* Assigned task *
Please retype the data that follows, starting at the line containing "Primal Scream" and stopping after the last line.

* Input data *
((
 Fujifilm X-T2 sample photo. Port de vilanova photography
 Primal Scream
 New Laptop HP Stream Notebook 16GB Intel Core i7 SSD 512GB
))
* Response *
 Primal Scream
 New Laptop HP Stream Notebook 16GB Intel Core i7 SSD 512GB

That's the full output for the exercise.